Extracted information:
↓↓↓

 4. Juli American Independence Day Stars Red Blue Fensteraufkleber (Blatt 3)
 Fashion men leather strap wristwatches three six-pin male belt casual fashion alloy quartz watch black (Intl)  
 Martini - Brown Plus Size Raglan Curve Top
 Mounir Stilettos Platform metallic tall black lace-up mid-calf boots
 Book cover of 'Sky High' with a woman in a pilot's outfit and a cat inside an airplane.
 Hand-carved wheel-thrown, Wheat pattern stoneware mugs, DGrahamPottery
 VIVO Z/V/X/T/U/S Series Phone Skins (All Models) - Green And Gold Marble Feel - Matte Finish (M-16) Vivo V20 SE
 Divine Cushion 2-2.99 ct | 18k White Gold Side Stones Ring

↑↑↑
↓↓↓

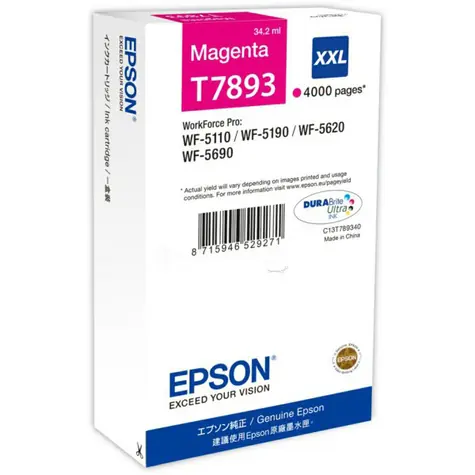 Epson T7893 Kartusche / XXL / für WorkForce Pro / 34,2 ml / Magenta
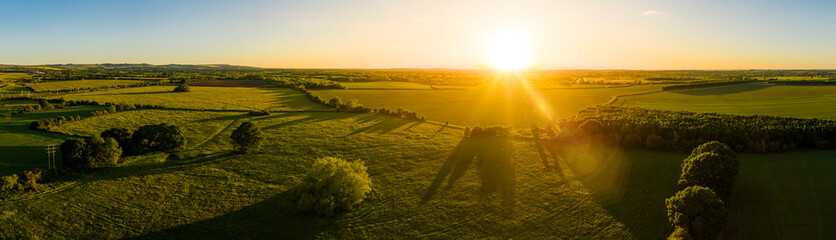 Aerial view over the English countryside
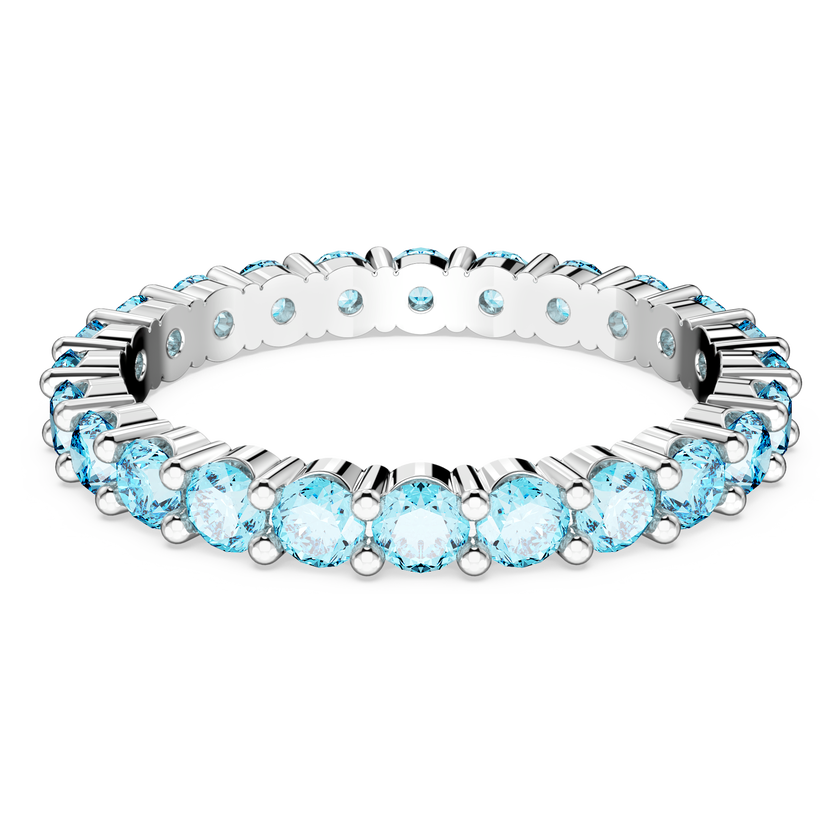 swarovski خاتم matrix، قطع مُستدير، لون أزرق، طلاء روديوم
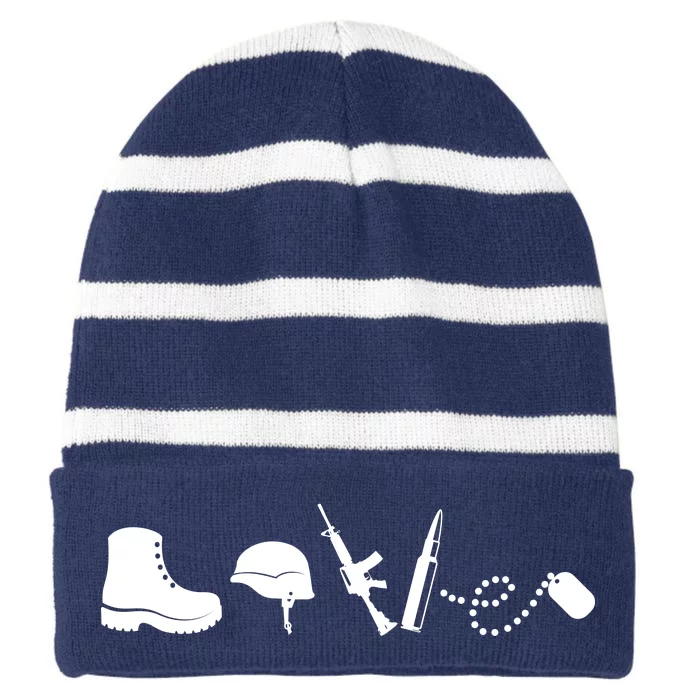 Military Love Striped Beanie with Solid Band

↑↑↑

One stretch of the lines above is wanted, from the line that contains "4. Juli American" through the line that contains "VIVO Z/V/X/T/U/S Series". Output it exactly.

Result:
 4. Juli American Independence Day Stars Red Blue Fensteraufkleber (Blatt 3)
 Fashion men leather strap wristwatches three six-pin male belt casual fashion alloy quartz watch black (Intl)  
 Martini - Brown Plus Size Raglan Curve Top
 Mounir Stilettos Platform metallic tall black lace-up mid-calf boots
 Book cover of 'Sky High' with a woman in a pilot's outfit and a cat inside an airplane.
 Hand-carved wheel-thrown, Wheat pattern stoneware mugs, DGrahamPottery
 VIVO Z/V/X/T/U/S Series Phone Skins (All Models) - Green And Gold Marble Feel - Matte Finish (M-16) Vivo V20 SE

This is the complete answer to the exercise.